**Work instructions:**
Copy the entries below verbatim, omitting any pictures they contain.

(Scraped caption text data)
*-*-*

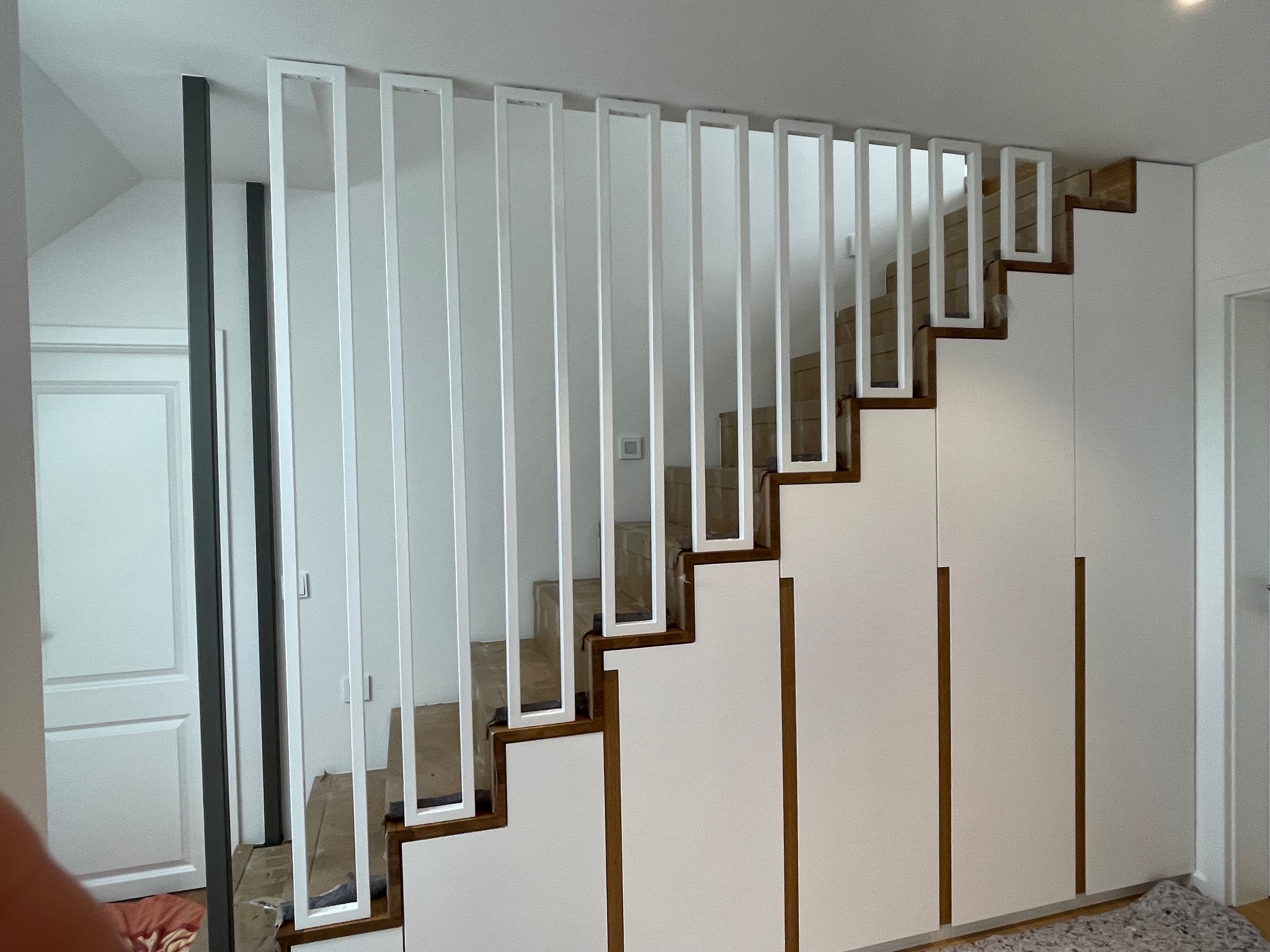 Nowoczesne schody drewniane z białymi, pionowymi elementami balustrady, zintegrowane z białą zabudową szaf wnękowych.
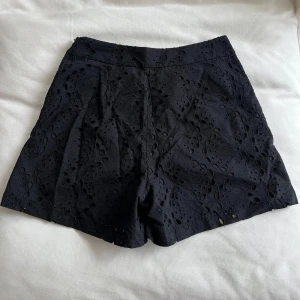 Svarta shorts med broderad design - Snygga svarta shorts med en unik broderad design som ger en stilren look. Perfekta för varma dagar när du vill ha något bekvämt men ändå trendigt. De har en normal passform och är tillverkade i ett lätt material som andas.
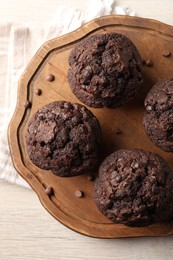 Delicious chocolate muffins on white wooden table, top view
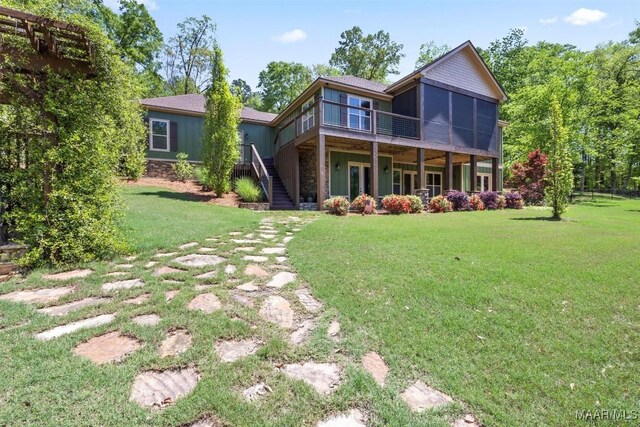 177 Tankersley Rd, Wetumpka, AL 36092 - back of house featuring stairs, a wooden deck, a sunroom, and a lawn
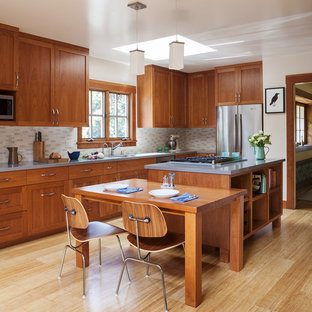 Cette image montre une cuisine américaine craftsman en L de taille moyenne avec un placard à porte shaker, des portes de placard en bois brun, un électroménager en acier inoxydable, un îlot central, un plan de travail en quartz modifié, une crédence beige, une crédence en carreau de céramique, un sol en bambou et un sol beige.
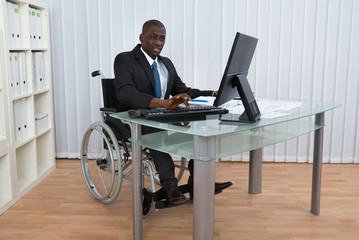 Businessman Working In Office Sitting On Wheelchair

*-*-*

**Response to this task:**
 Nowoczesne schody drewniane z białymi, pionowymi elementami balustrady, zintegrowane z białą zabudową szaf wnękowych.
 Svarta shorts med broderad design - Snygga svarta shorts med en unik broderad design som ger en stilren look. Perfekta för varma dagar när du vill ha något bekvämt men ändå trendigt. De har en normal passform och är tillverkade i ett lätt material som andas.
 Delicious chocolate muffins on white wooden table, top view
 177 Tankersley Rd, Wetumpka, AL 36092 - back of house featuring stairs, a wooden deck, a sunroom, and a lawn
 Cette image montre une cuisine américaine craftsman en L de taille moyenne avec un placard à porte shaker, des portes de placard en bois brun, un électroménager en acier inoxydable, un îlot central, un plan de travail en quartz modifié, une crédence beige, une crédence en carreau de céramique, un sol en bambou et un sol beige.
 Businessman Working In Office Sitting On Wheelchair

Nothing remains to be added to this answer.